Required work: Stop at the line that contains "nonbi: Happy Birthdays". Until then, set down each line of the records exactly, beginning with the first, and skip pictures.
......
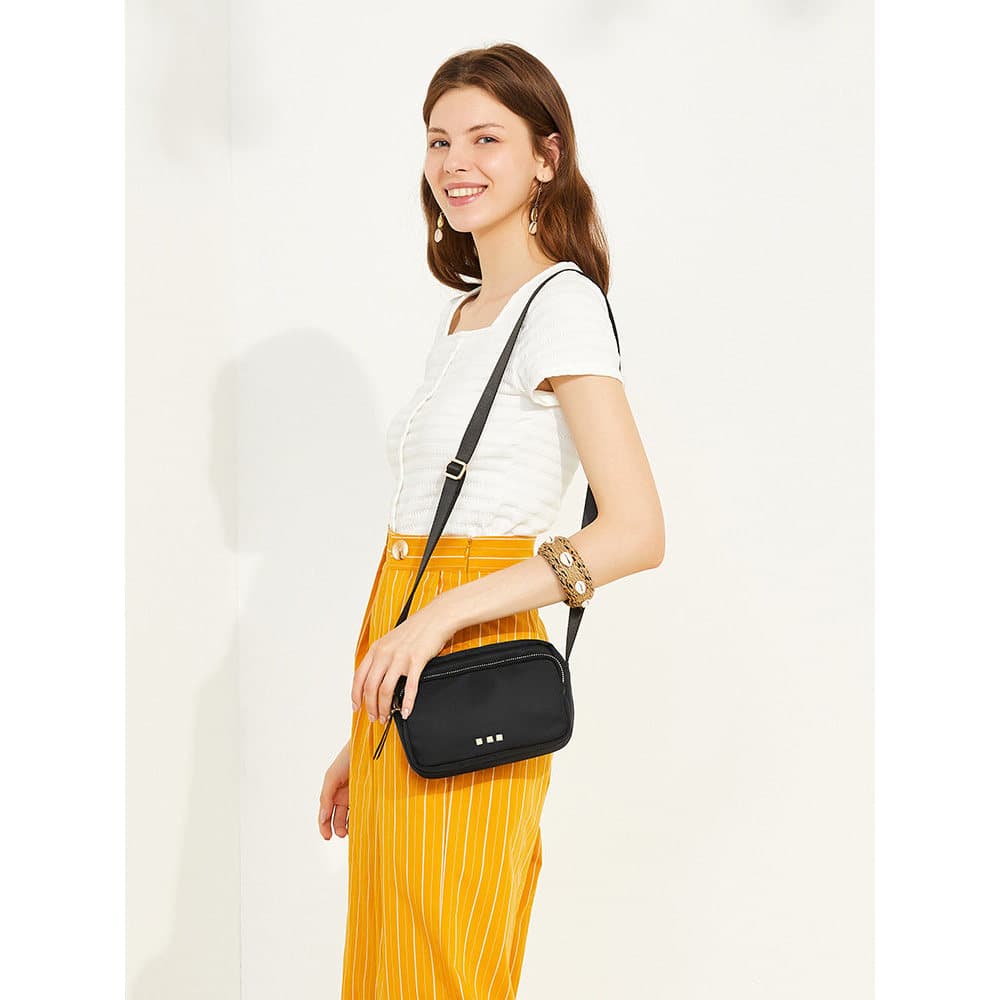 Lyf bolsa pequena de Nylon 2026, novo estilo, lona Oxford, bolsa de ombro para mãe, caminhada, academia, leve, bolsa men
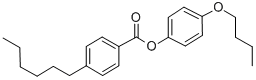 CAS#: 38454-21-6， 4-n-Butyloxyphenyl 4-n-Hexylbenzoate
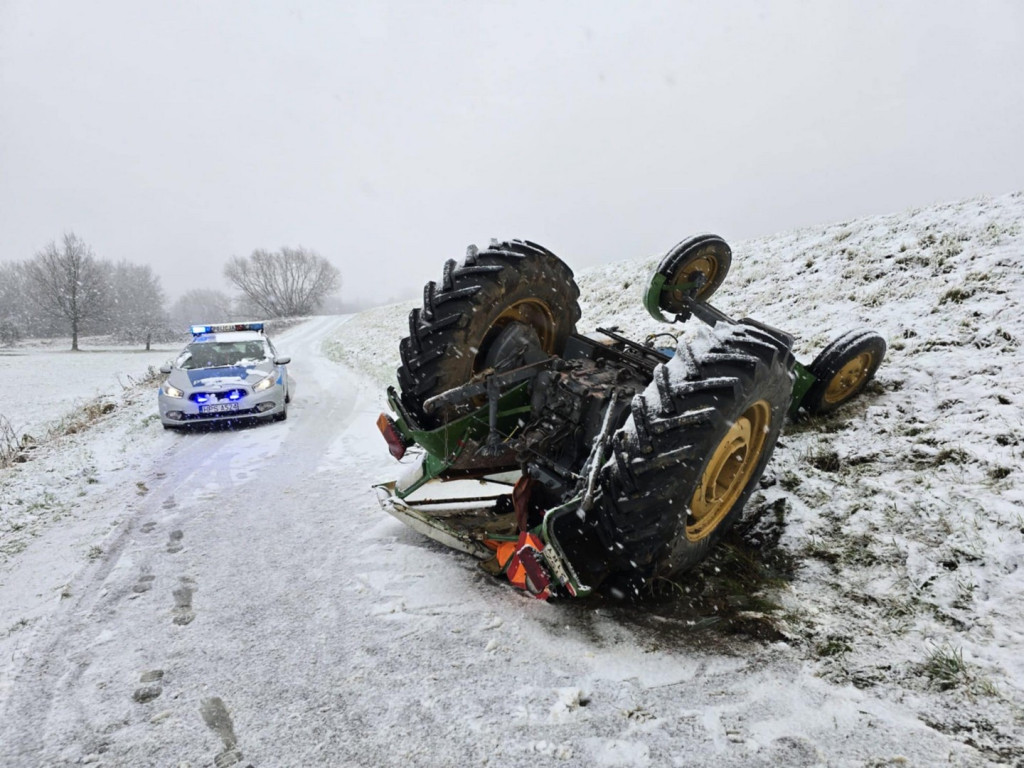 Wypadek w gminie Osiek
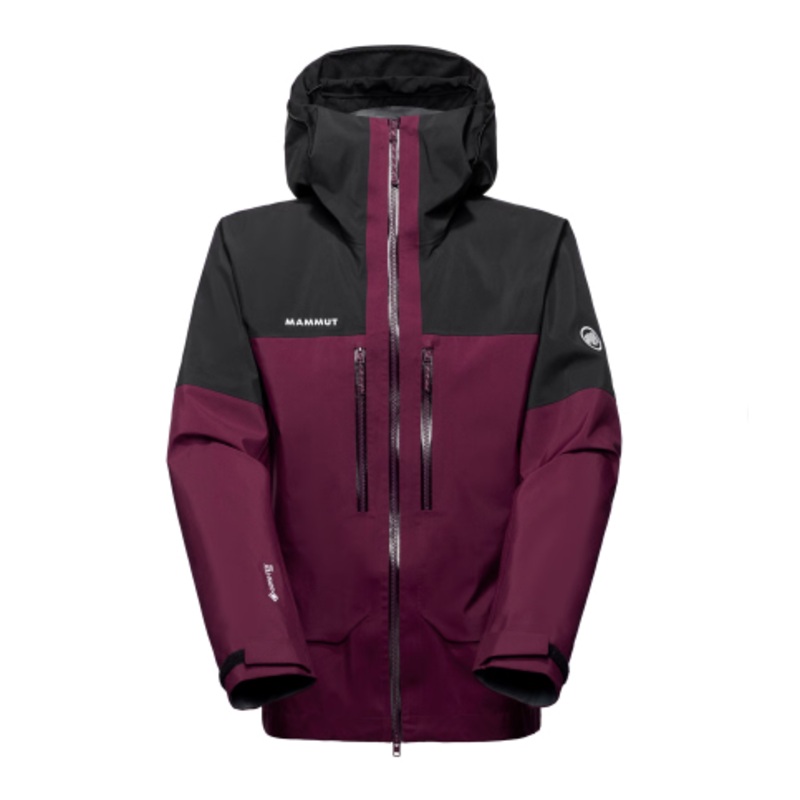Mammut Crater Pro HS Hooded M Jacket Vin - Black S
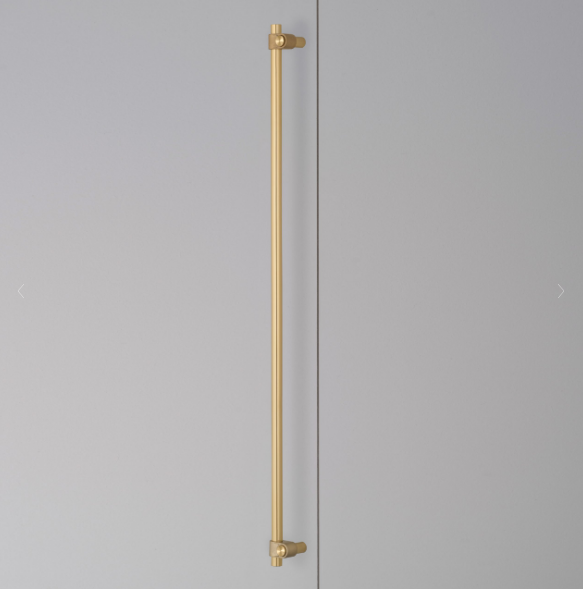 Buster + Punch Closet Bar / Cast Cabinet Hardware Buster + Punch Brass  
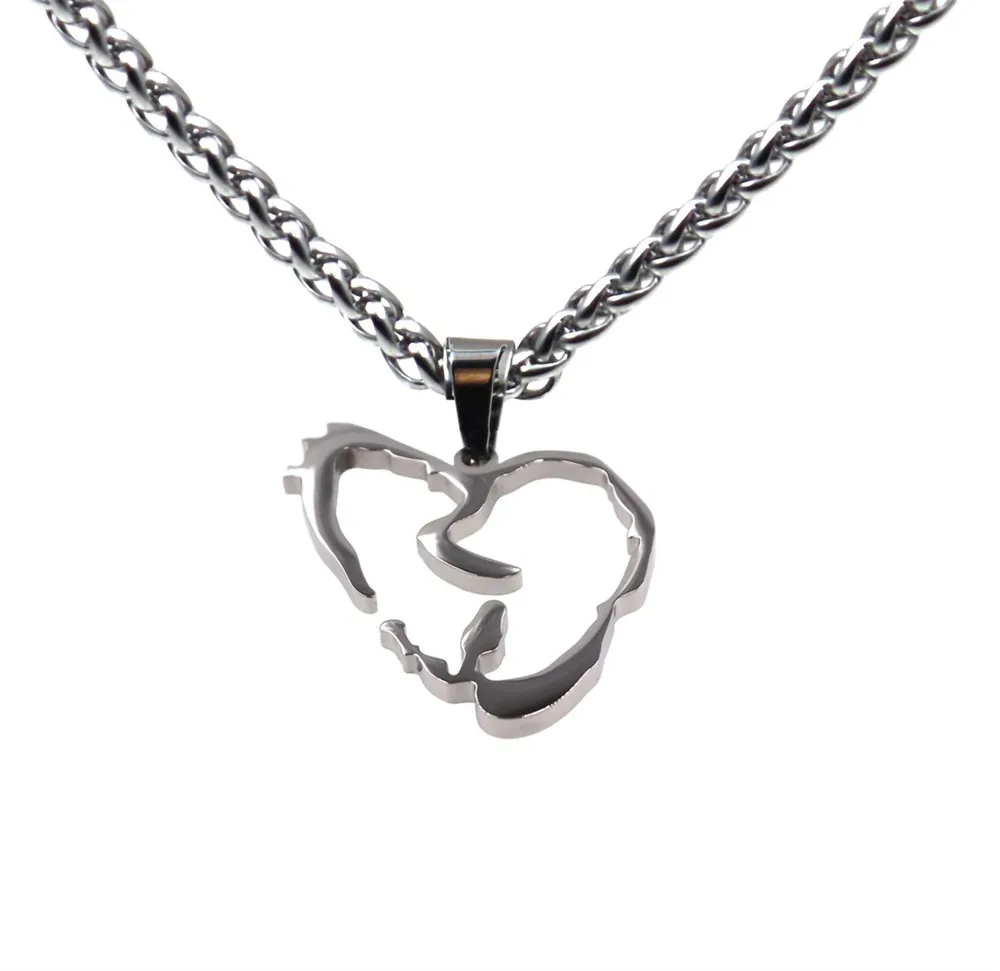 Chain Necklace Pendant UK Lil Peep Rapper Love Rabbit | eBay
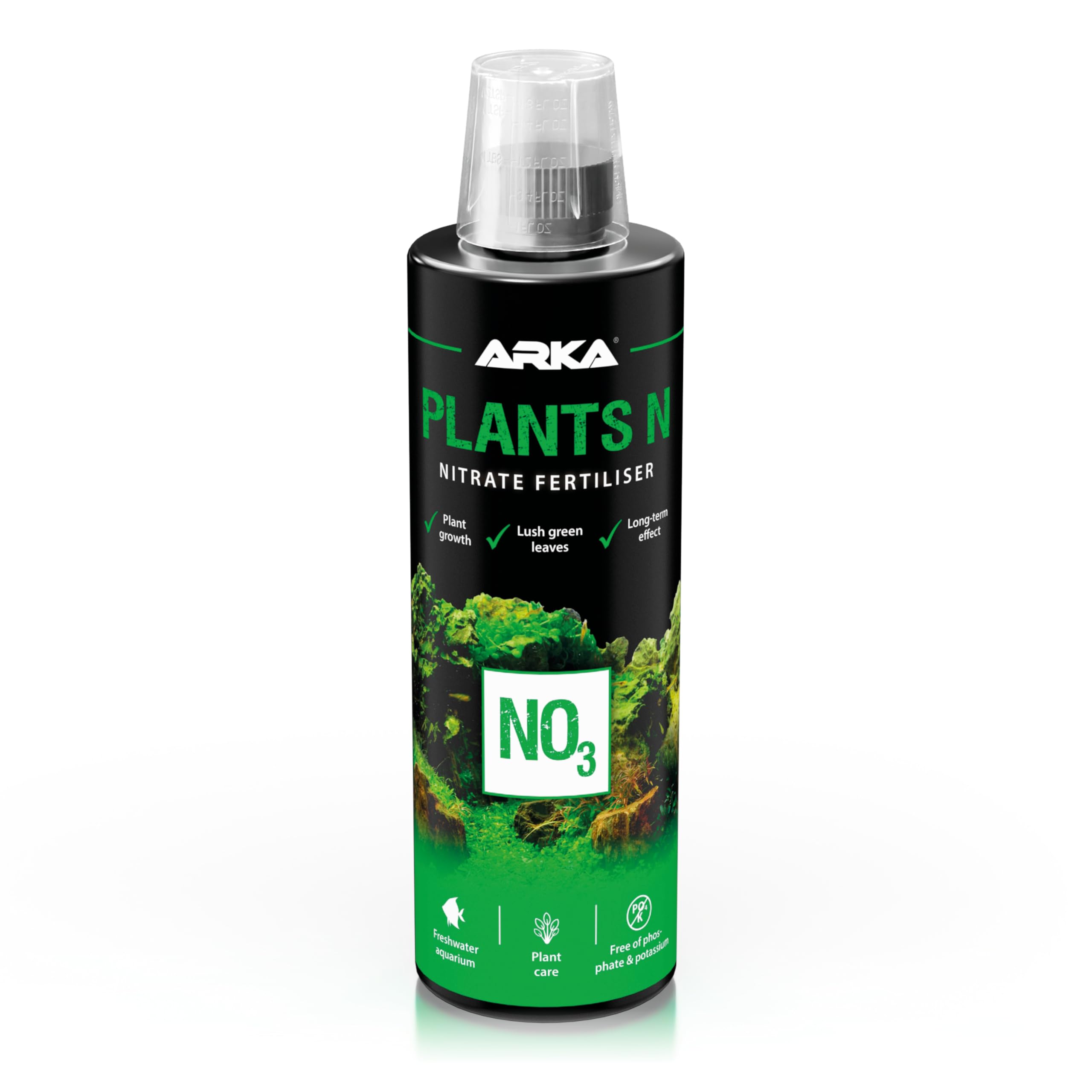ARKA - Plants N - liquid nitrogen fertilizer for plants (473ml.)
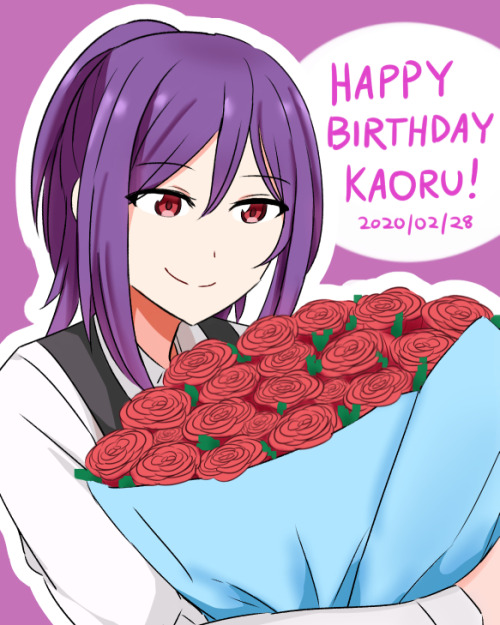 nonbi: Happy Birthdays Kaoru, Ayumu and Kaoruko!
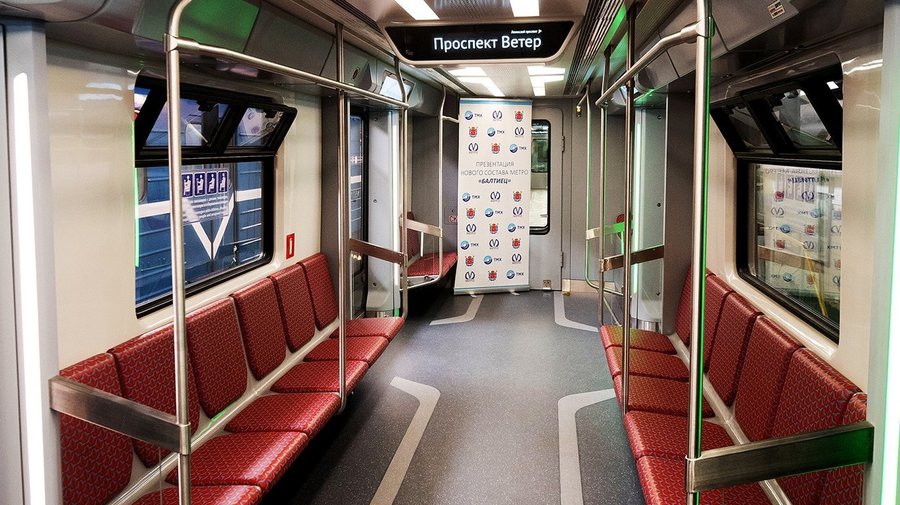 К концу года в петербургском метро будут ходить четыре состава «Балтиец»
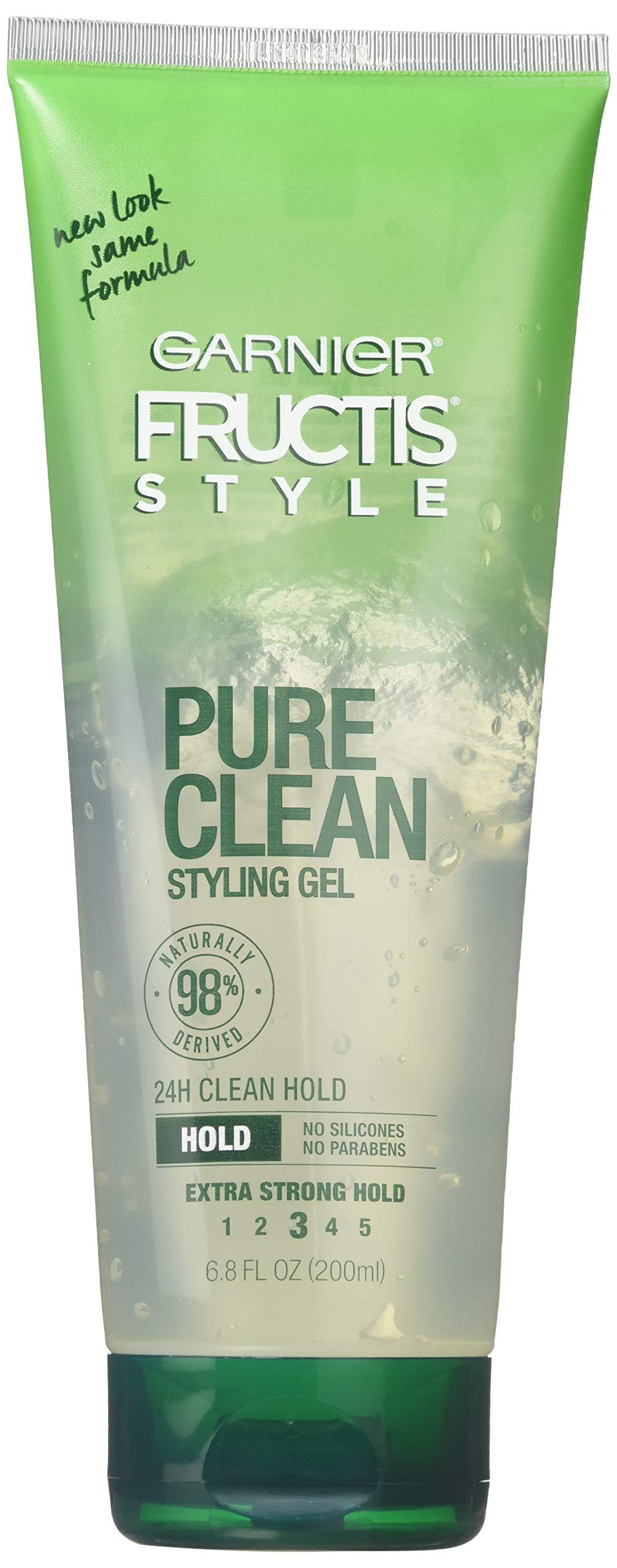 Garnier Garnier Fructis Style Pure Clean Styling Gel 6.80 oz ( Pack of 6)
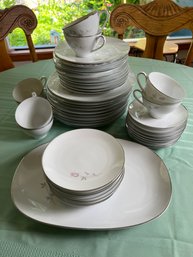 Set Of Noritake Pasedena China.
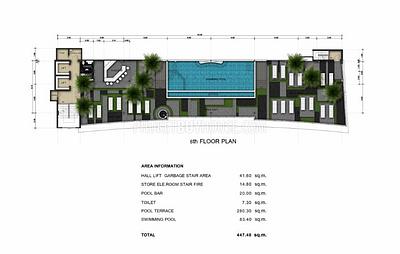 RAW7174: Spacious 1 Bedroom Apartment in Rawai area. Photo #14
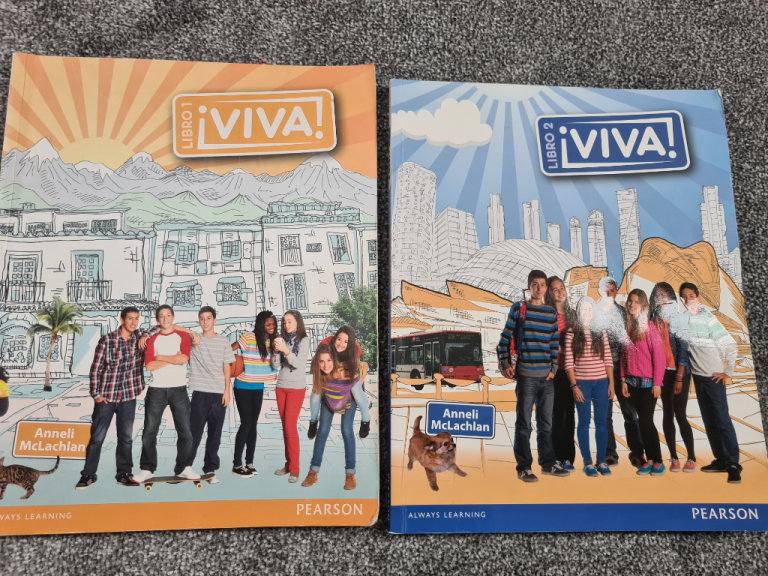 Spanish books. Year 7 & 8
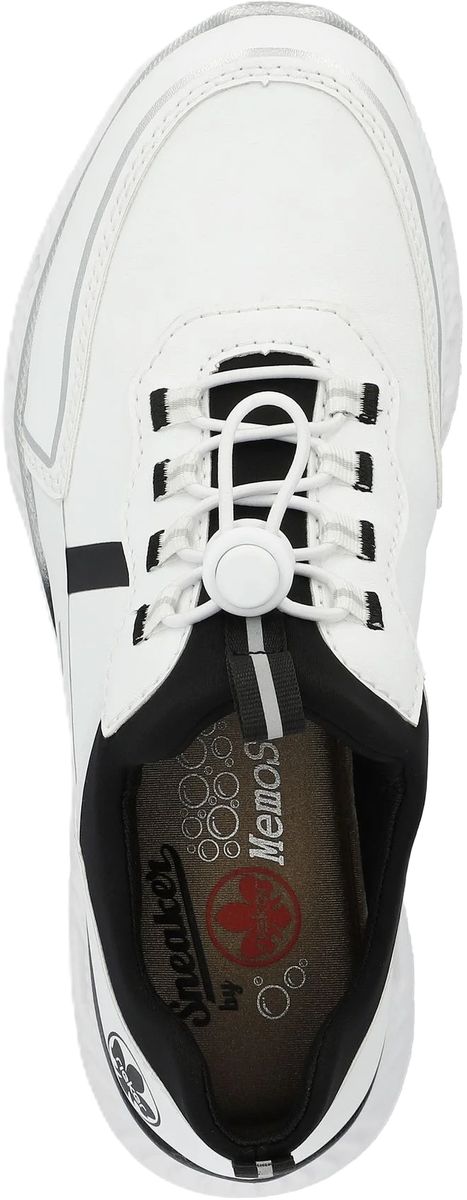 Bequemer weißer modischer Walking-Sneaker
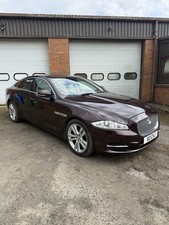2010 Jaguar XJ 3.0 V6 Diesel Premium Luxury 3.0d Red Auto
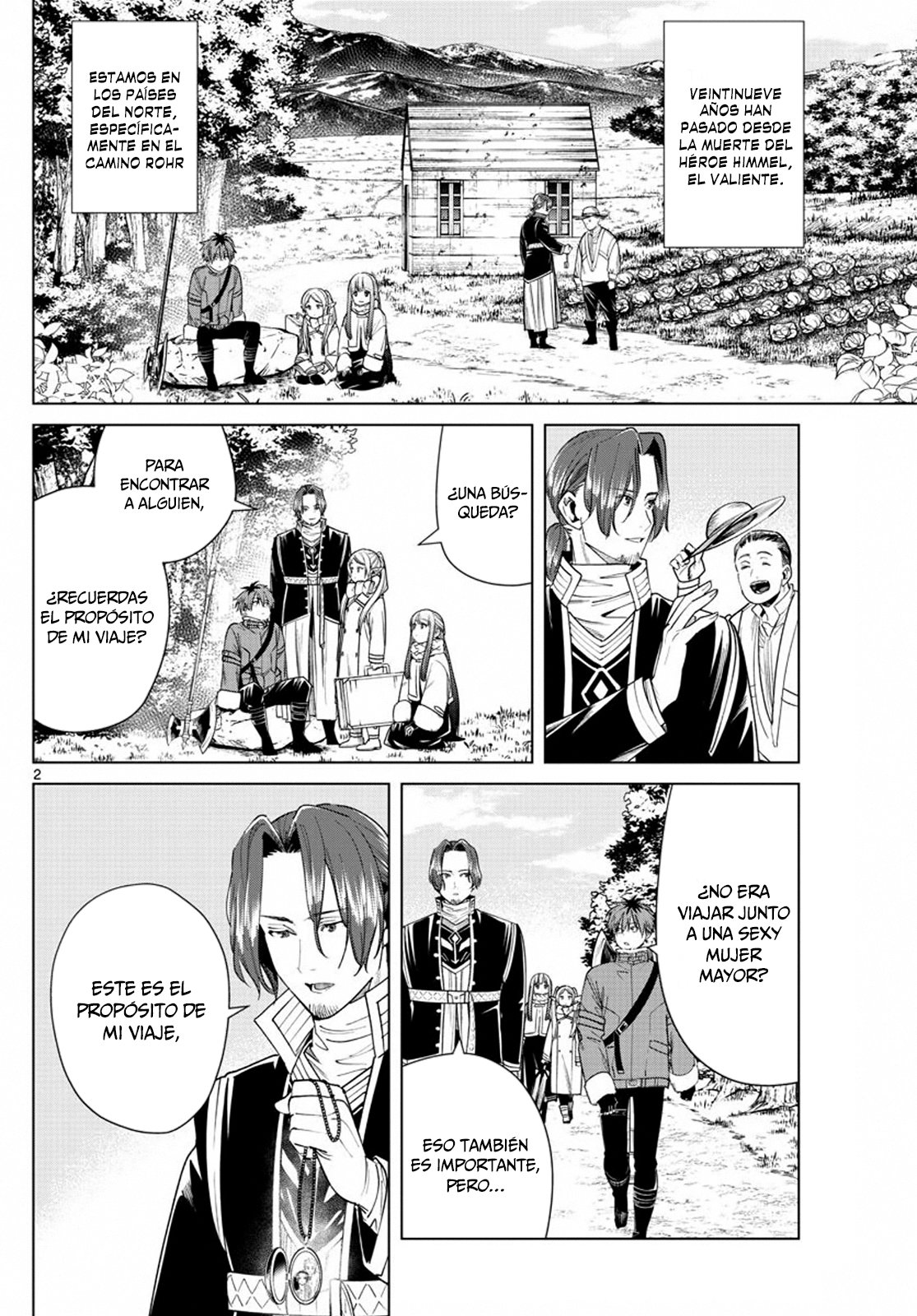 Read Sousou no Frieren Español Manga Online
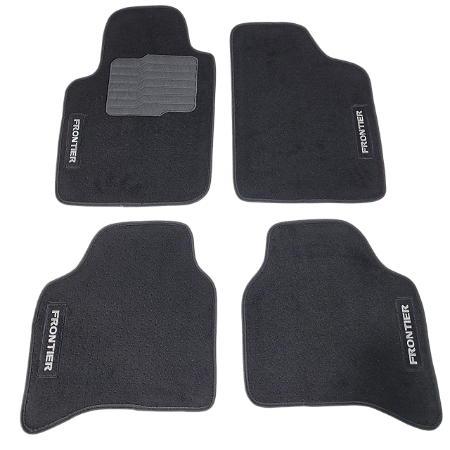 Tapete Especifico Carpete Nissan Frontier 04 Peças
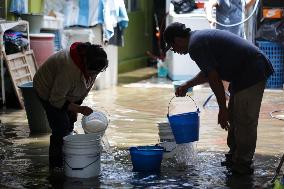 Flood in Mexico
......
Response area:
 Lyf bolsa pequena de Nylon 2026, novo estilo, lona Oxford, bolsa de ombro para mãe, caminhada, academia, leve, bolsa men
 CAS#: 38454-21-6， 4-n-Butyloxyphenyl 4-n-Hexylbenzoate
 Wypadek w gminie Osiek
Mammut Crater Pro HS Hooded M Jacket Vin - Black S
 Buster + Punch Closet Bar / Cast Cabinet Hardware Buster + Punch Brass  
 Chain Necklace Pendant UK Lil Peep Rapper Love Rabbit | eBay
ARKA - Plants N - liquid nitrogen fertilizer for plants (473ml.)
 nonbi: Happy Birthdays Kaoru, Ayumu and Kaoruko!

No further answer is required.